Southern Belle

La belle oiseuse

Grand prix de la compétition française au FID, le documentaire Southern Belle de Nicolas Peduzzi captive l’auditoire dès son introduction solennelle sur fond noir : « A seulement 14 ans, Taelor R. hérite de l’immense fortune de son père »…

Plan suivant, 12 ans plus tard, la blonde du Texas surgit sur des plateformes shoes, en veste tricot Channel à damier rose au-dessus d’une jupe courte, blanche et légère qui dévoile de longues jambes dénudées. Elle est devancée par un épagneul nain qui frétille de la queue en faisant le tour d’une propriété, la réplique exacte de la Maison-Blanche dont seuls les nouveaux riches ont le secret, un nid d’enfance pour Taelor, dont elle a dû se séparer. Cette dernière parle vite et sans atermoiement, sa franchise est telle une seconde peau. Le spectateur apprendra vite moult détails sur la disparition de son père (mort en s’envoyant en l’air) et sur cet héritage dérobé, estimé à 500 millions de dollars, devenu l’enjeu d’une procédure judiciaire interminable… Qu’importe, Taelor laisse l’imbroglio à sa mère (dont elle ne veut d’ailleurs plus de nouvelles), préférant la fête, la picole et la défonce entre amis. Ambiance.

Southern Belle de Nicolas Peduzzi. Copyright Septième Factory.

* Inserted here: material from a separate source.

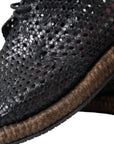 Dolce & Gabbana Black Woven Leather Lace-Up Casual Derby Shoes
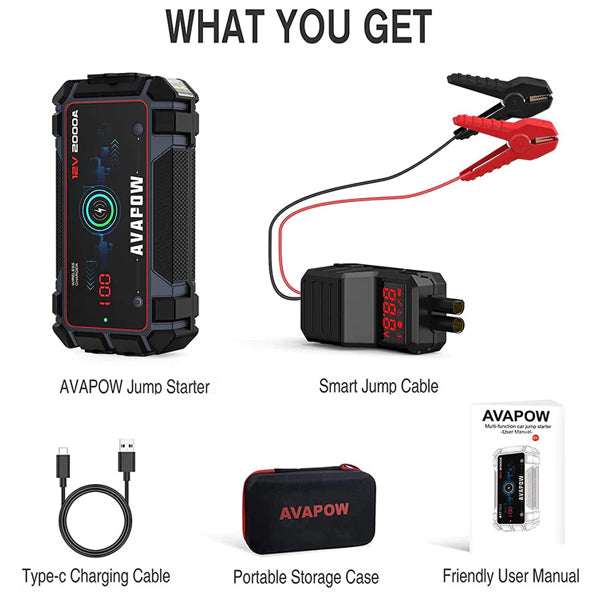 Avapow A9 Plus jump starter 12V, 2000Amp leveres med taske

Dans ce film qui navigue entre réalité brute et sensation d’hallucinations où il est impossible d’évacuer le fantôme de Donald Trump, le spectateur s’écrase le nez sur la façade outrageusement décadente de l’Amérique blanche contemporaine. L’argent, le pouvoir, l’alcool, la dope et les armes sont prétextes à décrire la vacuité de l’existence dans des situations aussi ridicules qu’angoissantes. Le réalisateur a été l’amant de Taelor dix ans plus tôt et, lui confiant la co-écriture du film grâce au récit qu’elle fait de sa propre histoire, il est dans une empathie permanente avec elle. Par la proximité d’une caméra à l’épaule, il examine principalement la collision de la protagoniste avec les autres, un oncle a moitié fou, un petit copain armé quasi décérébré, les acteurs en somme d’un théâtre extrémiste proche de l’univers déviant de David Lynch, où les clichés les plus éculés sont démesurés et les frontières de l’impudeur, toutes abolies. Glaçant et lancinant.